Success Story


Blue Cabin Relocation

“Our volunteer project manager has advanced us from the dark ages of financial reporting to the current day. Now the organization is at the professional level that it needs to be. We are very grateful for Stig and volunteers like Stig. We couldn’t even hire for this job, because we first needed to understand what needed to be done, and Stig helped us doing just that. Volunteer help like Stig’s is priceless and the ripple effect is endless.”

Glenn Alteen

It was a pleasure to help. I had been looking for some time for an appropriate way to be of service.

Michael Jackson

Volunteer Project Manager


Saving the Foreshore Cabin


GRUNT is an artist-run centre founded in 1984 in Vancouver, BC. Glenn Alteen, artist and Program Director of the grunt, is acting on behalf of Al Neil and Carole Itter, well known senior artists and long-time residents of the last remaining foreshore dwelling on the Burrard Inlet, to assist in saving the little blue cabin from demolition, and to find it a permanent home and use. Joining forces with Barbara Cole, artist, curator and Executive Director of Other Sights for Artists’ Projects, a non-profit arts organization that presents temporary art projects in public spaces, and Esther Rausenberg, artist and Executive Director of the Eastside Culture Crawl and Co Artistic Director of Creative Cultural Collaboration Society, this group of concerned artists and producers are working together to ensure this culturally significant dwelling has a future.

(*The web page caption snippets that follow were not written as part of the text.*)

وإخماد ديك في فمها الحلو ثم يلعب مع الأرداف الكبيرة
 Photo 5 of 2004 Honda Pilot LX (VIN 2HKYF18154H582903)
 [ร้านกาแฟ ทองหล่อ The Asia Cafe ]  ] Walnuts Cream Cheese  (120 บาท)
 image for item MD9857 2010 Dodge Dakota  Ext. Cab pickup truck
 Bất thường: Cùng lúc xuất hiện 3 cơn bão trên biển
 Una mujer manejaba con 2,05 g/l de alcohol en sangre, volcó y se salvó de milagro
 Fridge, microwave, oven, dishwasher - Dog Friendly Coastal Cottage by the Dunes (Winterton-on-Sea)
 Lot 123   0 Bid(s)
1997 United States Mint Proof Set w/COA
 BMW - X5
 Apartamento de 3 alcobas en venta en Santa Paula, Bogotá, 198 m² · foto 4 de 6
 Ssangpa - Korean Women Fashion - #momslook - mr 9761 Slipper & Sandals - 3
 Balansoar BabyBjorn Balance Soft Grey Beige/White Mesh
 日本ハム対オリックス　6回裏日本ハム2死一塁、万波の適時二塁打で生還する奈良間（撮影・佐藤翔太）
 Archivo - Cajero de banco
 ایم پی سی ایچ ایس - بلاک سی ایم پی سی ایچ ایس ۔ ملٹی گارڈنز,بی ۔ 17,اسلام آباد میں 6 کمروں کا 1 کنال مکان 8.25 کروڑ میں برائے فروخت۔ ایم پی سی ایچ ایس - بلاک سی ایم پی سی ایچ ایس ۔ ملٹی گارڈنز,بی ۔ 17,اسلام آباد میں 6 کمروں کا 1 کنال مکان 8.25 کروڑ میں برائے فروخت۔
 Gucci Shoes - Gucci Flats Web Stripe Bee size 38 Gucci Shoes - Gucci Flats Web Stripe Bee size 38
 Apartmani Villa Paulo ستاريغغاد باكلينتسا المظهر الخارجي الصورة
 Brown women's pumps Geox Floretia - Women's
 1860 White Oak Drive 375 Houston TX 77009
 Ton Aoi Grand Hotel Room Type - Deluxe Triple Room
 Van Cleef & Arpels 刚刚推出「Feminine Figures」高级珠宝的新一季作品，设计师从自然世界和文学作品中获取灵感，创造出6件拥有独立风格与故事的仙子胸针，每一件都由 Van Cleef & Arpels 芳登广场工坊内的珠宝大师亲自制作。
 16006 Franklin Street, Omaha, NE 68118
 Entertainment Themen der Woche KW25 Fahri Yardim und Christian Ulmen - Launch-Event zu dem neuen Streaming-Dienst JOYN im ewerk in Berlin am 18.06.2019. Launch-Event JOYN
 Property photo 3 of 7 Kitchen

    The cabin was sitting on pylons on Port Metro Vancouver property between Cates Park and what was the old MacKenzie Barge operation on the North Shore. The MacKenzie Barge site was purchased by Polygon Homes for a condominium development. Part of Polygon’s requirements from the District of North Vancouver and Port Metro was to remediate the site, including the foreshore where the cabin was located. Polygon has assisted with the costs of moving the cabin to a temporary storage site 5.4 km away.

    The project involved coordinating several companies that had agreed to contribute to saving the cabin.


      To date, the cabin has successfully been moved to a temporary place. A direct truck access to the cabin had to be built. Assessment is in progress to determine restoration needs. Also, efforts are underway to identify a permanent place and use for the cabin.